§ EXERCISE AIM: Only the lines below between the ones containing "Damini 4.3'' HD" and "Silver Rattail Satin", inclusive, are to be reproduced, each exactly as it stands.

(AVAILABLE DATA)

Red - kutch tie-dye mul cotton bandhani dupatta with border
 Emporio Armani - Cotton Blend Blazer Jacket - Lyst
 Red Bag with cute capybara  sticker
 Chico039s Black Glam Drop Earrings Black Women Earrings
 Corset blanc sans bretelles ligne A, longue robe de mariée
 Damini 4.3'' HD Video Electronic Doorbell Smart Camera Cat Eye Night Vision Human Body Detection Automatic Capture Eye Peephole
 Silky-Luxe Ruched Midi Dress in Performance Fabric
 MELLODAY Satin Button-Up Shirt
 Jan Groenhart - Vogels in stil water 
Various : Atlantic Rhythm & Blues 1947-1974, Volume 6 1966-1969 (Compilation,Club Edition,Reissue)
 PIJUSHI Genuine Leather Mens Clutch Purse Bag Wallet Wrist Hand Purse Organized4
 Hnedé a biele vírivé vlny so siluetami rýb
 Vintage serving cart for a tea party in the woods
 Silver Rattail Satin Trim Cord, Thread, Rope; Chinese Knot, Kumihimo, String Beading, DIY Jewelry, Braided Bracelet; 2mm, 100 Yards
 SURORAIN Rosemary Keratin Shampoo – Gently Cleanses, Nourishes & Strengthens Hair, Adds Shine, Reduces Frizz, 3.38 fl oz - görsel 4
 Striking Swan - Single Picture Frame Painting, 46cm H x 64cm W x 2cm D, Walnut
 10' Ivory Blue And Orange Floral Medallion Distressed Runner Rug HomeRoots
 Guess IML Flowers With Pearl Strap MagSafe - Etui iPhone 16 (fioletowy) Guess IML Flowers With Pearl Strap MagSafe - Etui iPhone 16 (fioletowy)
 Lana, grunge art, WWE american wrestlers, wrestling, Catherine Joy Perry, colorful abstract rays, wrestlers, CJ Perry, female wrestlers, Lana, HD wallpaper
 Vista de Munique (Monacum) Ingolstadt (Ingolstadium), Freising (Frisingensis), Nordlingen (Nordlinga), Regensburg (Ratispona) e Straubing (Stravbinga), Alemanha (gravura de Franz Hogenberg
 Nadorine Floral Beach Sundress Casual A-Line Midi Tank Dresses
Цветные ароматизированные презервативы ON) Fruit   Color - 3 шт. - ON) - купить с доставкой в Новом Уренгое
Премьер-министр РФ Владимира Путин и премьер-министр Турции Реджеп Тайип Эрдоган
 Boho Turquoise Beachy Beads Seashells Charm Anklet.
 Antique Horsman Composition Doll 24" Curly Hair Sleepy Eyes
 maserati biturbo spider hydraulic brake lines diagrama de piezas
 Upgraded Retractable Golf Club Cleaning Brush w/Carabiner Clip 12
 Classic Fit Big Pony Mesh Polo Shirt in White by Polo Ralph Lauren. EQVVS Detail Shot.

(End AVAILABLE DATA)

§ SOLUTION:
 Damini 4.3'' HD Video Electronic Doorbell Smart Camera Cat Eye Night Vision Human Body Detection Automatic Capture Eye Peephole
 Silky-Luxe Ruched Midi Dress in Performance Fabric
 MELLODAY Satin Button-Up Shirt
 Jan Groenhart - Vogels in stil water 
Various : Atlantic Rhythm & Blues 1947-1974, Volume 6 1966-1969 (Compilation,Club Edition,Reissue)
 PIJUSHI Genuine Leather Mens Clutch Purse Bag Wallet Wrist Hand Purse Organized4
 Hnedé a biele vírivé vlny so siluetami rýb
 Vintage serving cart for a tea party in the woods
 Silver Rattail Satin Trim Cord, Thread, Rope; Chinese Knot, Kumihimo, String Beading, DIY Jewelry, Braided Bracelet; 2mm, 100 Yards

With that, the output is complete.